If you understand the Cartesian Coordinate system, remembering which way to turn the cube during the cube rotations is SUPER easy. If you don't, I'm sorry, you'll just have to remember that..

x = turning the whole cube R
Y = turning the whole cube U
z = turning the whole cube F


----------



## fanwuq (Apr 4, 2008)

I like qqwref, lucasgarron, and avgalen's ideas. 
I too have thought about it and arrived at something similar to avgalen's.
I hate the right hand rule for physics! 
I find xyz very intuitive. I understood how to turn them as soon as I figured out that they are whole cube turns. I confused (r) as an optional double layer r at first. But now I can read both well.
i do hate the inconsistencies between puzzles. especially r can be double layer for 3x3 yet be inner for big cubes and tips for pyraminx.


----------



## dChan (Apr 4, 2008)

I think for the 3x3x3, an extra "w" at the end of a notation is best for signifying double layer turns. It conforms better to the whole line of notations for the other puzzles.

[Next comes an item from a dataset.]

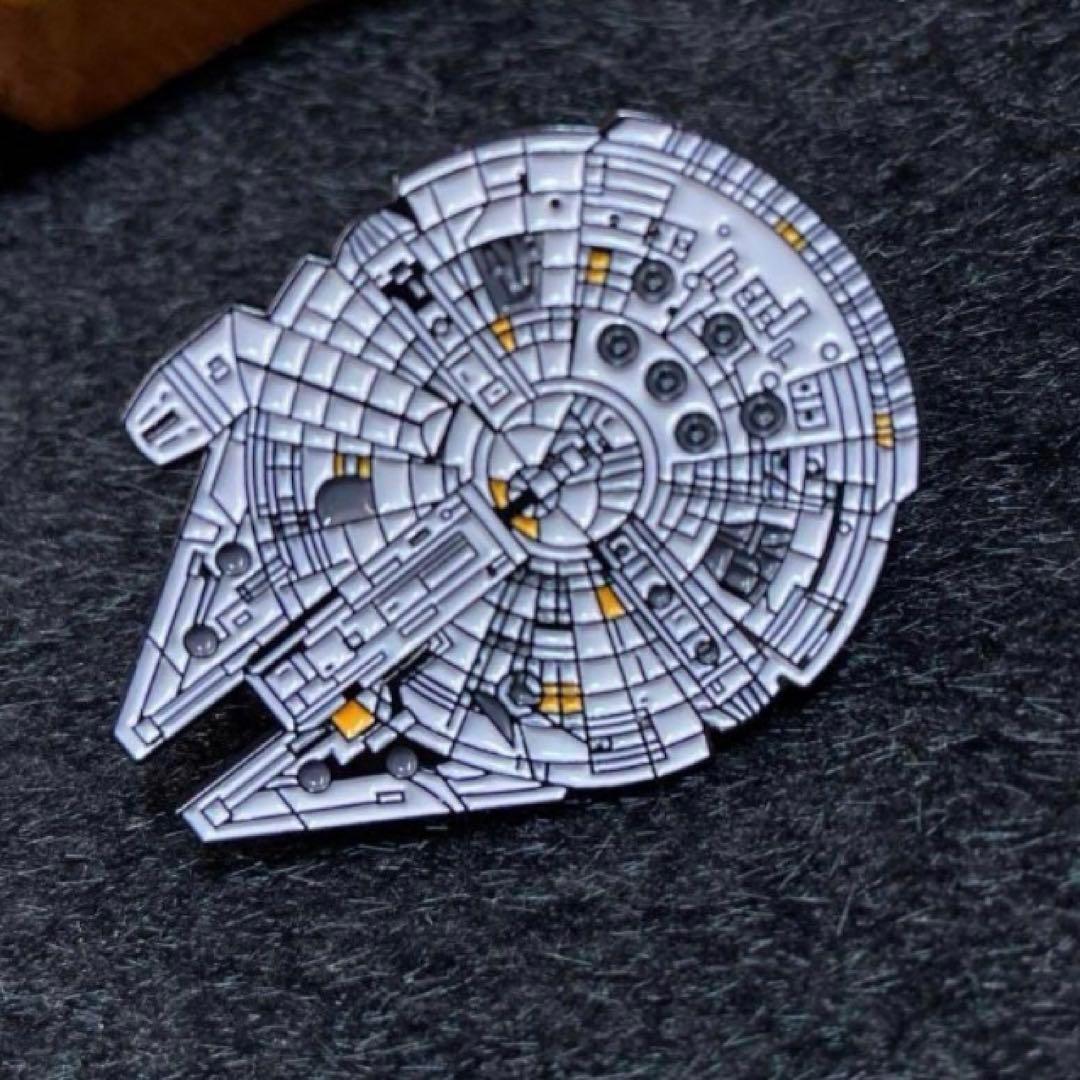 新品未開封 非売品 ノベルティ ピンバッチ ミレニアムファルコン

It is also easy to understand. Whenever I see, for example, Rw, I say to myself, "R-wide" which tells me to turn two layers because two layers are "wide."


----------



## pcwiz (Apr 4, 2008)

Does anybody here know what the Cartesian Coordinate system is besides Brunson? Because I think it's an excellent way to remember which way to turn the cube.


----------



## qqwref (Apr 4, 2008)

dChan said:


> It is also easy to understand. Whenever I see, for example, Rw, I say to myself, "R-wide" which tells me to turn two layers because two layers are "wide."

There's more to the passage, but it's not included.